(Captioned web image data)
<<<<
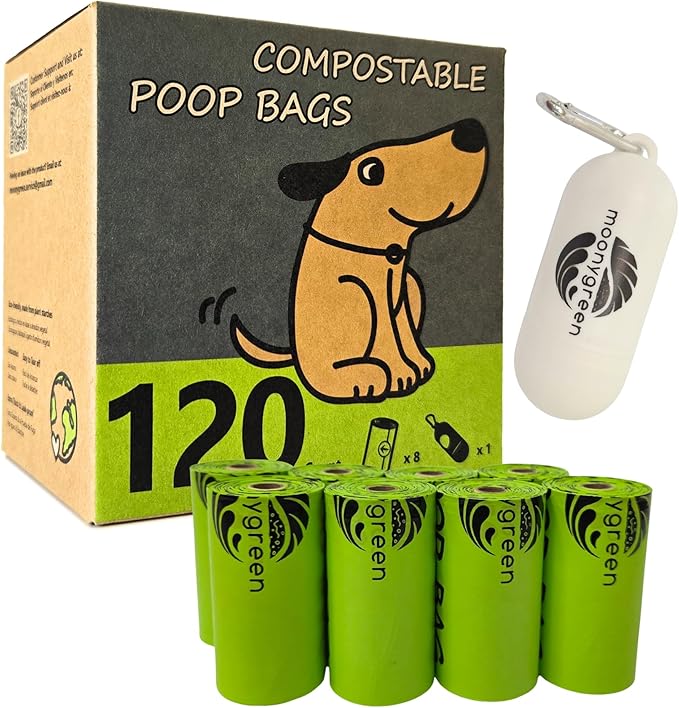 Dog Poop Bag with Holder, Compostable Dog Bags for Poop, Vegetable-Based Doggy Poop Bags, Eco-Friendly, Unscented, Extra Thick and Leak Proof, 120 Counts, 10 Rolls, 9 x 13 Inches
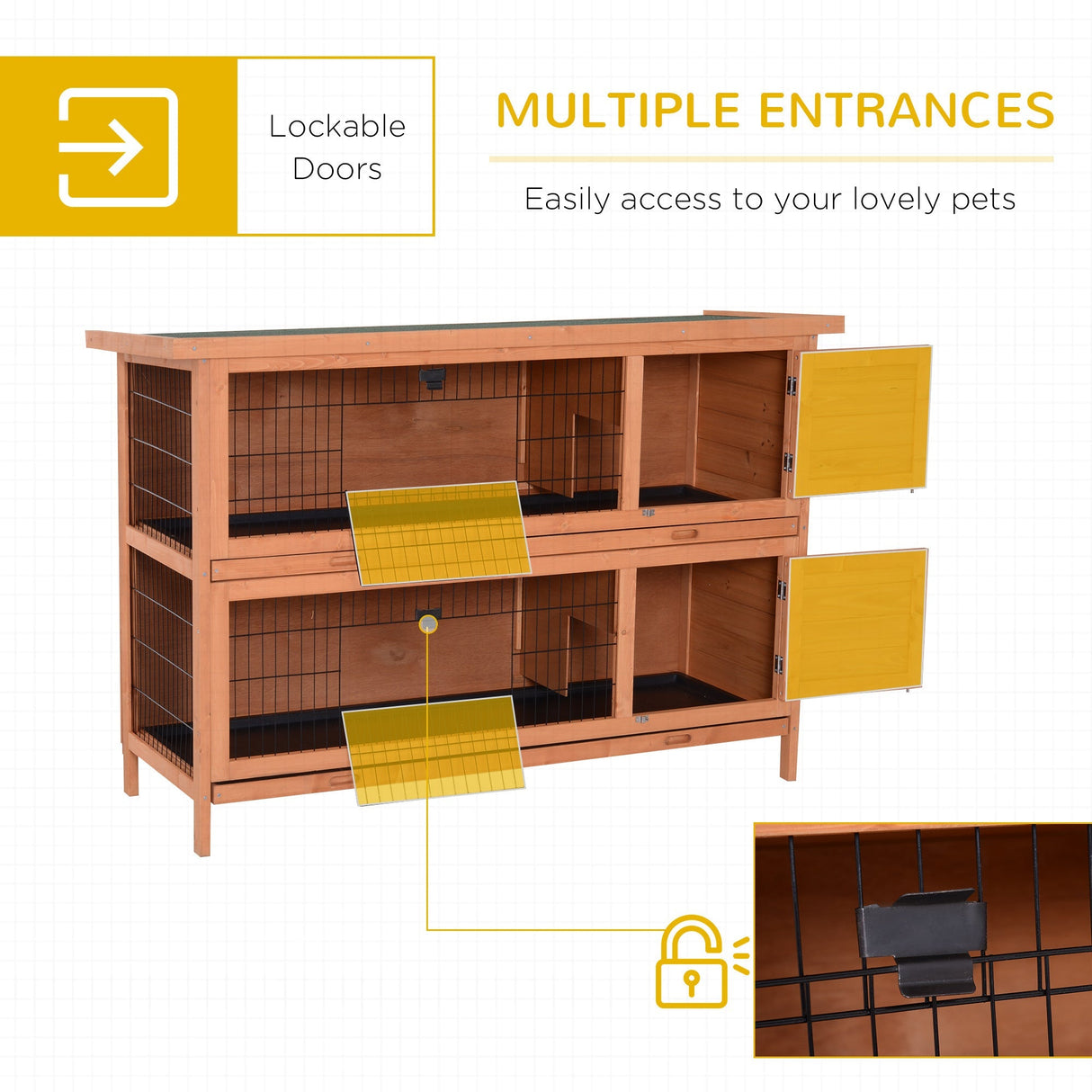 Double Decker Rabbit Hutch 4FT Guinea Pig Cage with No Leak Trays for Outdoor, Orange, PawHut,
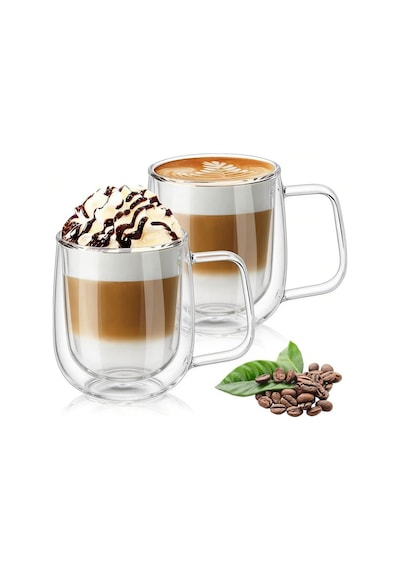 3b Trend 2 Adet Çift Cidarlı Cam Kupa Bardak Su Meşrubat Çay Saplı 250 Ml Şeffaf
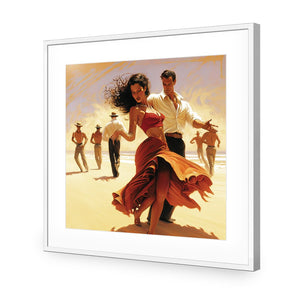 Beach Tango | Classic Acrylic | Flat Frame With Border | White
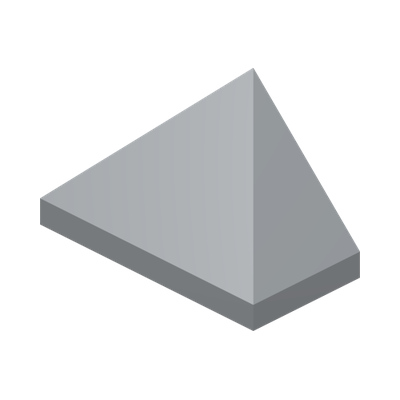 END RIDGED TILE 1X2/45° · Medium Stone Grey (réf. BrickLink Light Bluish Gray)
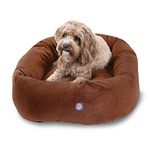 32 inch Rust Suede Bagel Dog Bed by Majestic Pet Products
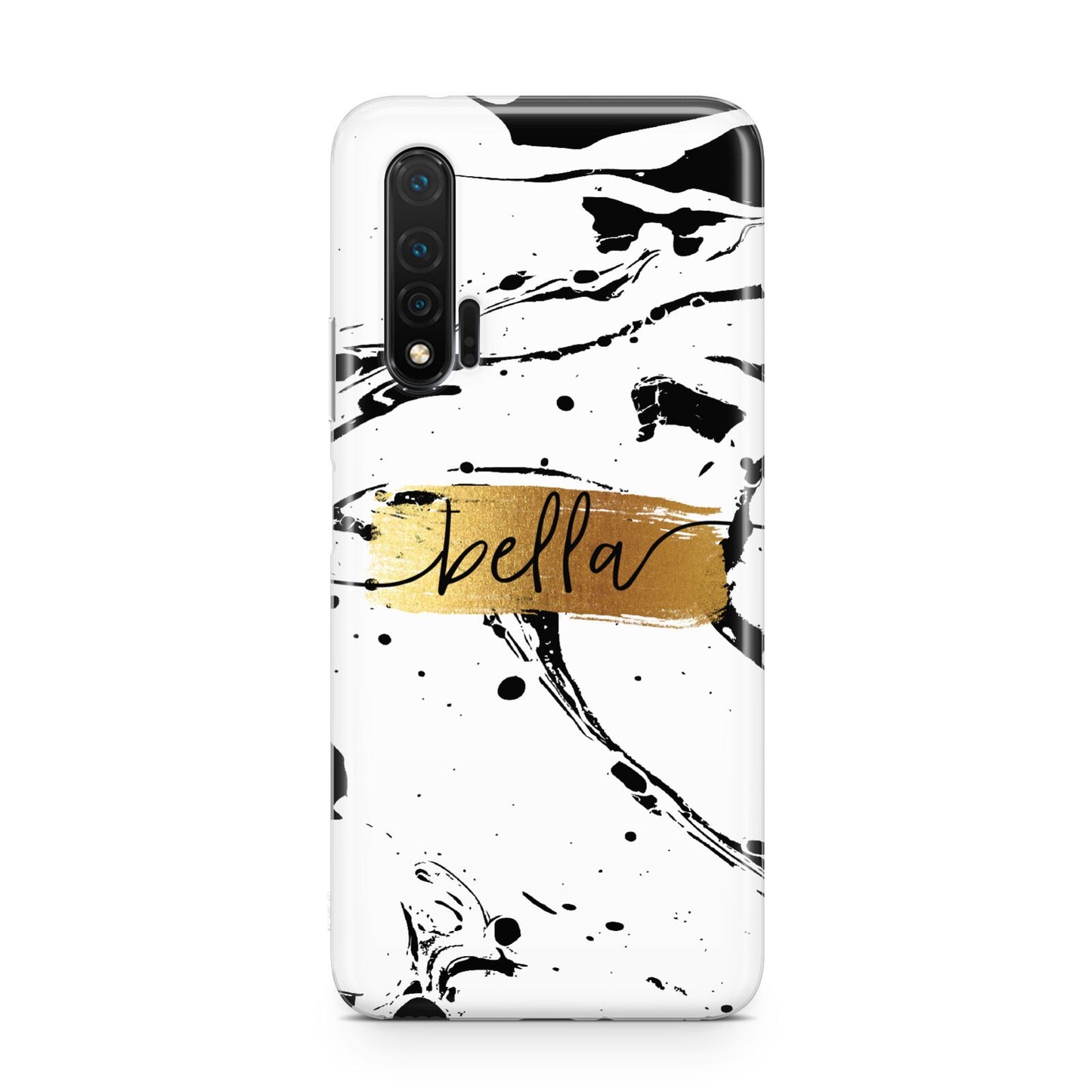 Personalised White Gold Swirl Marble Huawei Nova 6 Phone Case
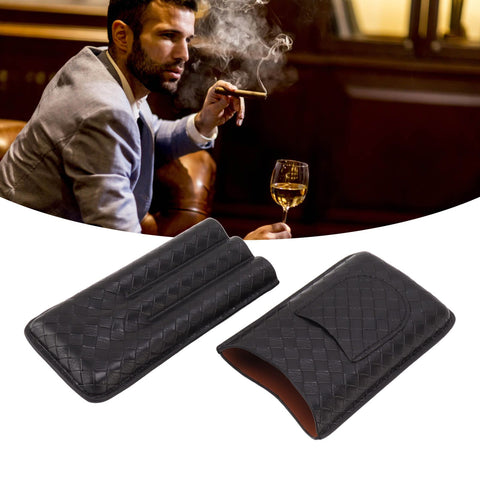 3 Sticks Portable Cigar Case Leather Cigar Humidors Travel Moisturizer Cigar Case for Men Gifts Black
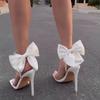 Fashion Luxury Bow Ankle Strappy High Heels Summer Open Toe Sandals for Women Party Wedding Shoes Bride Heels Sexy Pumps Design Sandals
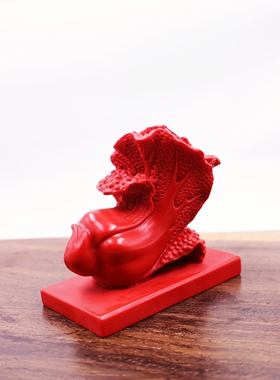 朱砂胶泥立体白菜装饰摆件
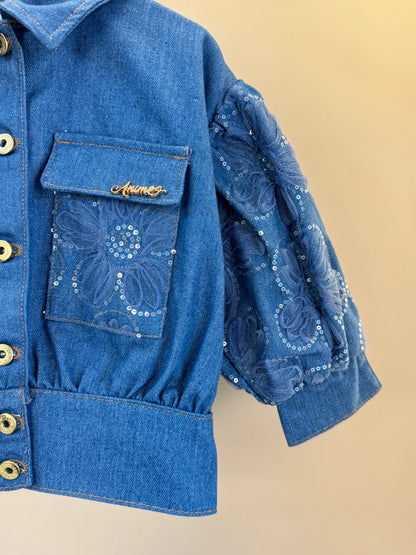 Jaqueta Infantil Jeans Bordada Tule Flores - Animê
>>>>
WORK ORDER
Start to finish, write out the data above exactly, omitting all pictures.

FINISHED TASK
 Dog Poop Bag with Holder, Compostable Dog Bags for Poop, Vegetable-Based Doggy Poop Bags, Eco-Friendly, Unscented, Extra Thick and Leak Proof, 120 Counts, 10 Rolls, 9 x 13 Inches
 Double Decker Rabbit Hutch 4FT Guinea Pig Cage with No Leak Trays for Outdoor, Orange, PawHut,
 3b Trend 2 Adet Çift Cidarlı Cam Kupa Bardak Su Meşrubat Çay Saplı 250 Ml Şeffaf
 Beach Tango | Classic Acrylic | Flat Frame With Border | White
 END RIDGED TILE 1X2/45° · Medium Stone Grey (réf. BrickLink Light Bluish Gray)
 32 inch Rust Suede Bagel Dog Bed by Majestic Pet Products
 Personalised White Gold Swirl Marble Huawei Nova 6 Phone Case
 3 Sticks Portable Cigar Case Leather Cigar Humidors Travel Moisturizer Cigar Case for Men Gifts Black
 Fashion Luxury Bow Ankle Strappy High Heels Summer Open Toe Sandals for Women Party Wedding Shoes Bride Heels Sexy Pumps Design Sandals
 朱砂胶泥立体白菜装饰摆件
 Jaqueta Infantil Jeans Bordada Tule Flores - Animê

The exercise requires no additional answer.